Arab American technology executive

Zain Masri (Arabic: زين مصري; born February 5, 1992) is an American technology executive known for her contributions to the technology industry. She held various roles including marketing, product strategy and business development across YouTube and Google. Zain is the first woman of Palestinian and Jordanian descent to be named one of Forbes 30 Under 30.

== Early life ==
Zain is an American of Palestinian and Jordanian descent. She was born in Fairfax, Virginia. She is the eldest of four children. Her parents immigrated to the United States in the 1980s.

== Career ==
In 2014, Zain joined Google as an intern. Over the years, she held key executive roles at several technology companies, including YouTube and Google. She has led the launch of a number of initiatives to promote digital literacy and economic empowerment for women in the Arab world. Zain was recognized for launching Maharat min Google, a digital skills education program that has helped nearly 1 million people in the MENA region gain the skills they need to succeed in the digital economy. She also led the launch of YouTube Batala, a content hub featuring hundreds of female creators from the Arab world. The programs have been recognised by governments, businesses, and civil society organizations for their impact on women's economic empowerment.

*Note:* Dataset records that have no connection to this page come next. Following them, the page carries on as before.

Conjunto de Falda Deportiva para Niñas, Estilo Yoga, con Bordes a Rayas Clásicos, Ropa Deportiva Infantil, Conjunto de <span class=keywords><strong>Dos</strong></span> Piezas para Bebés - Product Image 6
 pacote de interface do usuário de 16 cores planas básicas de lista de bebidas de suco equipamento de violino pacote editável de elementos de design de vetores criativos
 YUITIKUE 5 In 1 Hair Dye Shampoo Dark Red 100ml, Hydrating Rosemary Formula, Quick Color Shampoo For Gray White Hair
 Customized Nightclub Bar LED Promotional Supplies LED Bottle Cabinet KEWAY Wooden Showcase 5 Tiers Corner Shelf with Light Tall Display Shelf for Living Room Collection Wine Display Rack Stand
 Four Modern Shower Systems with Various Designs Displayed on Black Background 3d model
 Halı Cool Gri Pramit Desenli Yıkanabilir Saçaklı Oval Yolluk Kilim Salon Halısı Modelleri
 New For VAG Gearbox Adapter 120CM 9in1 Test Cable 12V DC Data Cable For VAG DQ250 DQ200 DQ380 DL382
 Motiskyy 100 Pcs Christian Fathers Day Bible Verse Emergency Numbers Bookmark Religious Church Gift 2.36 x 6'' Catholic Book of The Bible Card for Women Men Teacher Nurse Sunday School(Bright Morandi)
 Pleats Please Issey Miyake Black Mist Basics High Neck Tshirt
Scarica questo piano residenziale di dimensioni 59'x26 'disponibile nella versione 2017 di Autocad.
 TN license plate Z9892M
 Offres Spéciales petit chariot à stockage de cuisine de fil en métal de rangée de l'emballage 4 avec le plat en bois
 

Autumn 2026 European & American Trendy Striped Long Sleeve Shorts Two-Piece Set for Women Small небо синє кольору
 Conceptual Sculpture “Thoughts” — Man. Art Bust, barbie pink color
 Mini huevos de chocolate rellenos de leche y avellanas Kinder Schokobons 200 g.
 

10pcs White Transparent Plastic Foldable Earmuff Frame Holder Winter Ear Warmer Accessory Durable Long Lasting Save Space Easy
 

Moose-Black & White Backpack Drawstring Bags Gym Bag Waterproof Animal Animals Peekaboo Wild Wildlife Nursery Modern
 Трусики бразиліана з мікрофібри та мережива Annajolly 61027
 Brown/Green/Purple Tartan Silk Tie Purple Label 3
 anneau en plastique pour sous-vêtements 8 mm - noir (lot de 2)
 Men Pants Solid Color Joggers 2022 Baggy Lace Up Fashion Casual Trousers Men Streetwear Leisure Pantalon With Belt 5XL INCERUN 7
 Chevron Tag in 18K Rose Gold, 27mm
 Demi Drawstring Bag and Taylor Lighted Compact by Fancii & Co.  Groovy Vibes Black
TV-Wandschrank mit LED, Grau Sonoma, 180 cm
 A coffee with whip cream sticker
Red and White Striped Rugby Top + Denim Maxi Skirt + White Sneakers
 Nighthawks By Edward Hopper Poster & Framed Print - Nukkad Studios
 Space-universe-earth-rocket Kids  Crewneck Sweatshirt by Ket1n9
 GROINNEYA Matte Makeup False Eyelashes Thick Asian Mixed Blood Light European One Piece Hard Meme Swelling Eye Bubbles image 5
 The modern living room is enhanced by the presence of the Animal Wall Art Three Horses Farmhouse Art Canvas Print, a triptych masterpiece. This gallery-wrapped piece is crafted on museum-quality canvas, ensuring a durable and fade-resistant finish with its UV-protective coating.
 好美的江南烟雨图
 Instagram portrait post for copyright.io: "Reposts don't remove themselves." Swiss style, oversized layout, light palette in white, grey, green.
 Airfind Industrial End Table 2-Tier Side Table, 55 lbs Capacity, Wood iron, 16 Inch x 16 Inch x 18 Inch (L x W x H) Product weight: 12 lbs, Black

In 2020, Zain became the first woman of Palestinian and Jordanian descent to be named one of Forbes' "30 Under 30". In 2021, she was featured as a documentary subject as part of Sky News Najahouna (Their Success) series. The same year, she became the first Arab woman to be nominated to the ADCOLOR Rockstar Awards, an initiative launched by the ADCOLOR Industry Coalition, to promote increased diversity in the advertising, marketing, and media industries. She also launched Tirazain.com, a digital archive of embroidery from the Arab world with the aim to document embroidery patterns while identifying their origin and making them accessible.